-
Notifications
You must be signed in to change notification settings - Fork 19
Parameters
ANN-SoLo can be fully configured. Parameters can be specified as command-line arguments or in a configuration file. If an argument is specified in more than one place, then command-line values override configuration file values which override the default values.
The configuration file syntax consists of key = value
pairs.
There are three required, positional command-line arguments which cannot be listed in the configuration file (see below). All other parameters can be specified using either the appropriate command-line flag or in the configuration file.
The input and output files need to be specified in the following order:
spectral_library_filename query_filename out_filename
-
spectral_library_filename
: The path of spectral library file (in .splib format) to be used to identify the experimental spectra. -
query_filename
: The path of the spectral file (in .mgf format) to be searched. -
out_filename
: The path of the mzTab output file containing the search result. The ".mztab" extension will be added if that is not the case yet.
-
h
/--help
: Show the help message with command-line argument information and exit. -
-c
/--config
: The path of the configuration file.
ANN-SoLo uses a two-stage cascade search. During the first stage of the cascade search unmodified spectra are identified using a small precursor mass window. Specify this precursor mass window (typically in the ppm range) using the following parameters:
-
--precursor_tolerance_mass PRECURSOR_TOLERANCE_MASS
: The precursor tolerance mass for the first stage of the cascade search. -
--precursor_tolerance_mode {Da,ppm}
: The precursor tolerance mode for the first stage of the cascade search. Can be either "Da" or "ppm".
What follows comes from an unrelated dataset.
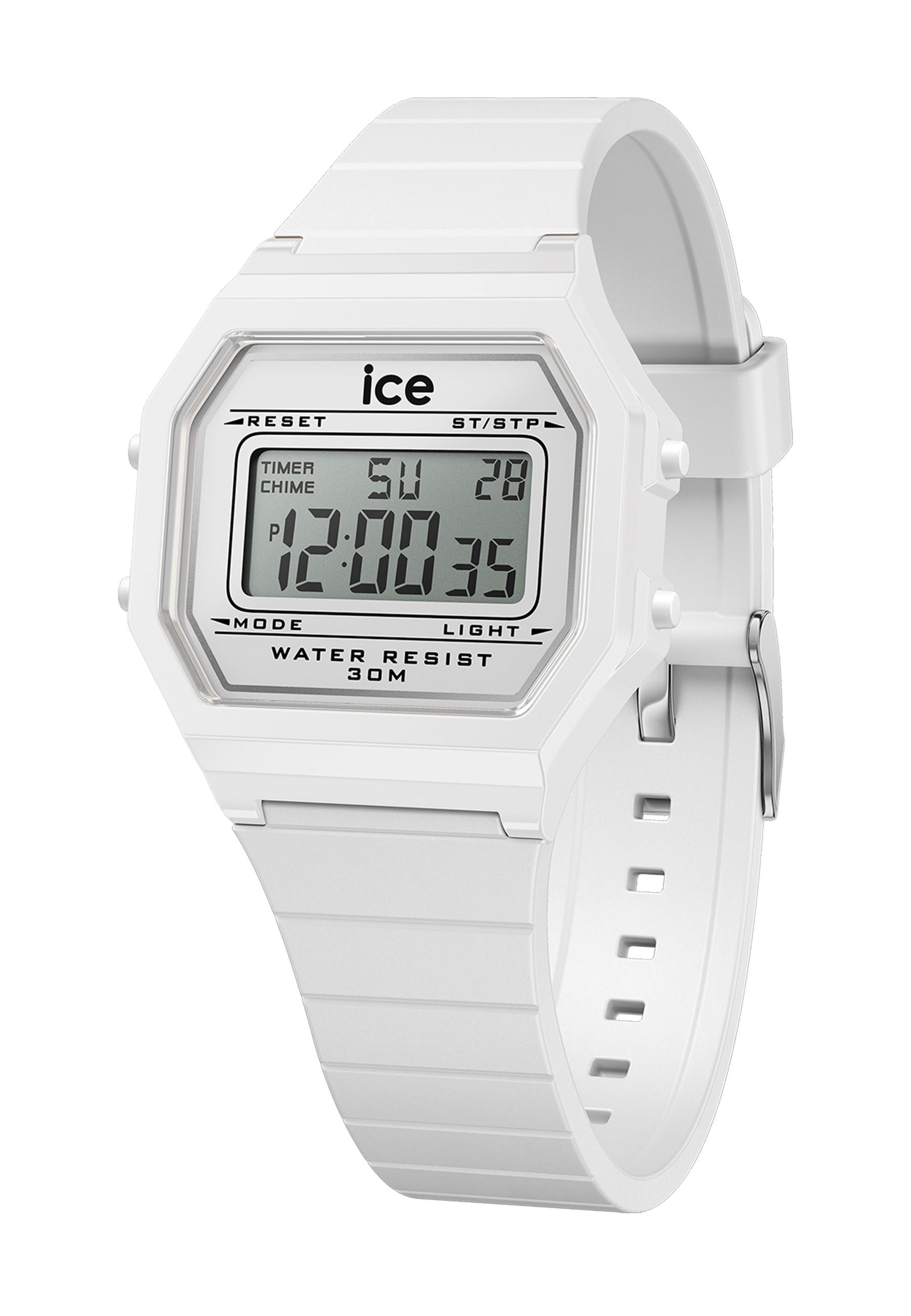 Ice Digit Retro White Small Damen Silber ONE SIZE von Ice Watch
During the second stage of the cascade search modified spectra are identified using a wide precursor mass window. Specify this precursor mass window (typically in the 100s of Dalton range) using the following parameters:
-
--precursor_tolerance_mass_open PRECURSOR_TOLERANCE_MASS_OPEN
: The precursor tolerance mass for the second stage of the cascade search. -
--precursor_tolerance_mode_open {Da,ppm}
: The precursor tolerance mode for the second stage of the cascade search. Can be either "Da" or "ppm".
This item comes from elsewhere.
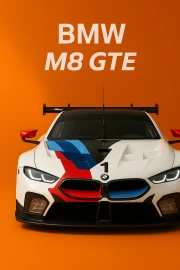 BMW M8 GTE: Dynamics and Style in Motion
Specify the fragment mass tolerance (in m/z) for both stages of the cascade search as follows:
-
--fragment_mz_tolerance FRAGMENT_MZ_TOLERANCE
: The fragment mass tolerance (in m/z).
These parameters always need to be specified. None of these parameters have default values as these heavily depend on the properties of your data set.
If you want to perform a standard search instead of a two-stage open search you can omit the precursor mass tolerance for the second stage of the cascade search.
Some search parameters are only in effect during the second stage of the cascade search:
-
--allow_peak_shifts
: Boolean flag to enable using the shifted dot product to better match modified spectra against their unmodified counterparts by accounting for a single modification.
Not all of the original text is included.